Recording methods have been described previously (Park et al., 2005; Solis and Perkel, 2006; Meitzen et al., 2007). We allowed the slices to rest for 1 h after collection before recording. Recordings were conducted blind as to hemisphere. For recording, a slice was submerged in a small chamber perfused with ACSF maintained at 30°C and containing 150 μm picrotoxin (Sigma) to block inhibitory GABAA receptors. Glutamate receptor antagonists do not affect spontaneous firing rate in RA (Park et al., 2005; Solis and Perkel, 2006). Single-unit extracellular recordings were obtained from neurons within a region that could be reliably identified as RA using transillumination. Only well-isolated spikes with high signal-to-noise ratios were studied (see Fig. 1B). Recording electrodes were made from pulled borosilicate glass pipettes (World Precision Instruments, Sarasota, FL) with tips broken to a resistance of 4–10 MΩ and filled with 0.9% NaCl. Extracellular potentials were amplified 10 times using an Axoclamp 2B amplifier (Molecular Devices, Foster City, CA) and amplified an additional 100 times using a Brownlee model 410 amplifier (Brownlee Precision, Santa Clara, CA).
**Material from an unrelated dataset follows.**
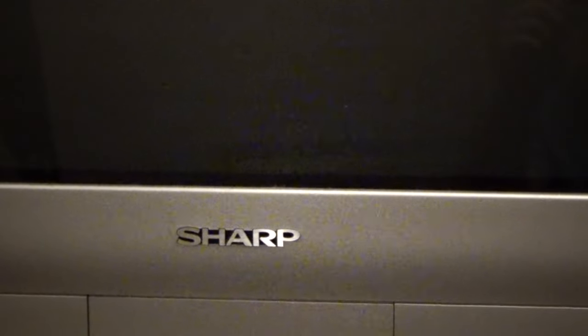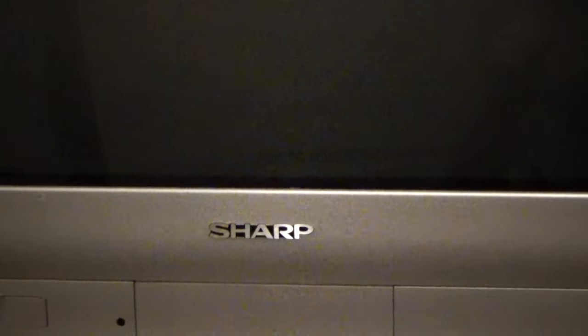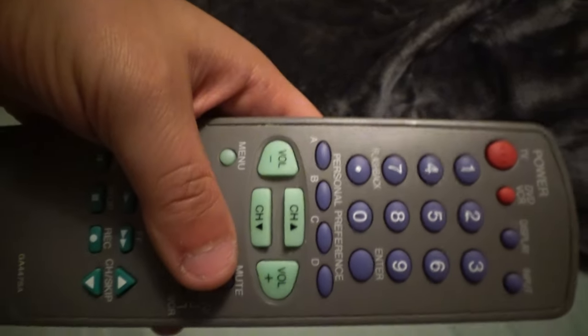This is Sharp right over there. Yes, this is a Sharp CRT TV. I'm gonna zoom it out from right over there. That's what the TV is. Here's the original remote. The original remote is pretty straightforward. It's pretty simple.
The filtered signals (low-pass filtered at 3 kHz) were then digitized at 20 kHz with either a National Instruments (Austin, TX) digitizing board and stored on a personal computer using a custom data acquisition program written in LabView (National Instruments) by Michael A. Farries and David J. Perkel or digitized with a Digidata 1322A (Molecular Devices) and stored on a personal computer using pClamp 9 (Molecular Devices).

Data analysis.

Data analysis methods have been described previously (Park et al., 2005; Solis and Perkel, 2006; Meitzen et al., 2007). Briefly, spontaneous spike trains were analyzed off-line using a custom written program in IGOR (Wavemetrics, Lake Oswego, OR) by Michele M. Solis and David J. Perkel, and with pClamp9 (Molecular Devices). To ensure that spike events were single units, we analyzed the spike amplitude, waveform, and time derivative. We measured spontaneous activity for at least 5 min and calculated the firing rate by dividing the number of spikes observed by the duration of the recording.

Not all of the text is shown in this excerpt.